Posner's argument is basically that, while legacy preferences are distasteful, their actual harm on society is minuscule -- boiling down to the non-legacy student who is "bumped" going to Michigan instead of Yale. Not only is this simply not a huge problem on its own terms, but whatever marginal harm the student faces by being a Wolverine is counterbalanced by the benefit that other Michigan students get by their association with top-quality students.
Becker is willing to make a more positive case for legacy preferences, observing that college's prefer legacies because they are more likely to accept admission offers, increasing the college's yield rate (he calls it their "harvest", which I think is a far creepier term for the concept) and their rates of alumni giving.
As for me, while I do think it is an inversion of justice that legacy preferences are permissible and racial ones are not, I'm actually more-or-less neutral on the justifiability of legacy preferences on their own terms. And basically, it's my time at Carleton -- a school that, at least in my impression, has a strong legacy presence -- that shifted me from opposition to neutrality.

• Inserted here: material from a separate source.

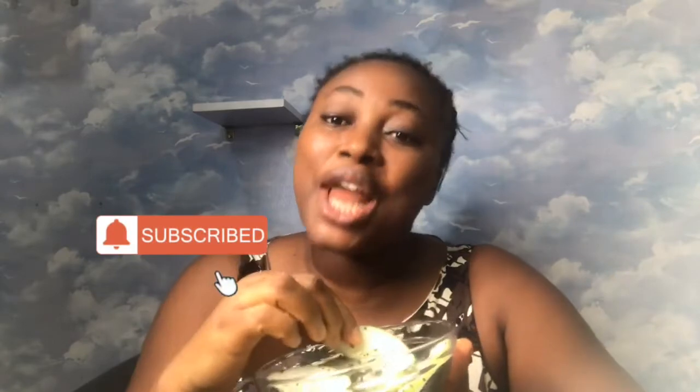Thank you for stopping by my channel! Don't forget to subscribe on your way out, and also give this video a thumbs up if you liked it. Love you and see you in my next video! Bye — but I have to finish this first. Bye!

Legacy admission hasn't directly been a part of my own life -- I attended public school K-12, and to my knowledge I have absolutely zero family connection either to Carleton or the University of Chicago. But, one of the things I really liked about Carleton was the school's sense of institutional memory, and to me, that was intricately bound up in the number of students who had parents, siblings, or other relatives who had attended as well. It created a positive school dynamic and sense of community that really was integral to the school's charm. And I think the alumni body's fierce loyalty to its alma mater is a crucial part of our school's appeal. Carleton has one of the highest giving rates amongst its alumni of any school in the country, and on many occasion, when I've told someone I went to Carleton, they've noted how they've never met a Carleton graduate who didn't gush about their time there.
One of the things I think admissions officers are doing, and should be doing, is trying to construct classes that will together form a vibrant, engaged community. That's one of the reasons I support diversity programs like racial affirmative action -- academic and social communities are simply more robust when they incorporate a broad range of different backgrounds and perspectives. To the extent that legacies help create this sense of vibrancy and community -- and in my experience at Carleton, they did -- that's a valid attribute for admissions officials to consider.

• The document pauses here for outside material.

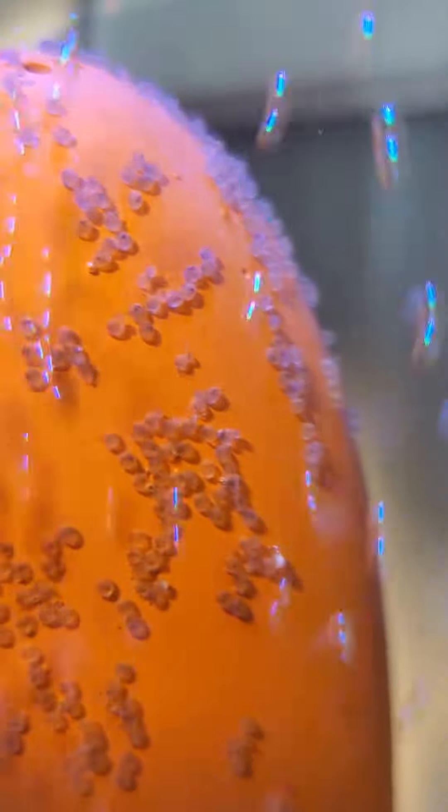My camera is really acting crazy today, sorry about that guys, I will get you a good view in just a second. You can see actually some little black spots on the eggs — those black spots are actually blood vessels.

Of course, this does not answer just how much weight legacy status should carry in admissions decisions. Nor does it answer the counter-arguments about "rich-getting-richer" and entrenching inequality. I also think that the normative justifiability of legacy preferences is hinged upon the general permissibility of allowing college's discretion to create diversified academic communities -- it can't be that college's can only look to those non-metric-based personal characteristics when they benefit the already privileged. But, in a world where this sort of holistic admissions process is allowed and is the norm, I think legacy status has a place alongside other personal characteristics as a valid consideration in building the best incoming class possible.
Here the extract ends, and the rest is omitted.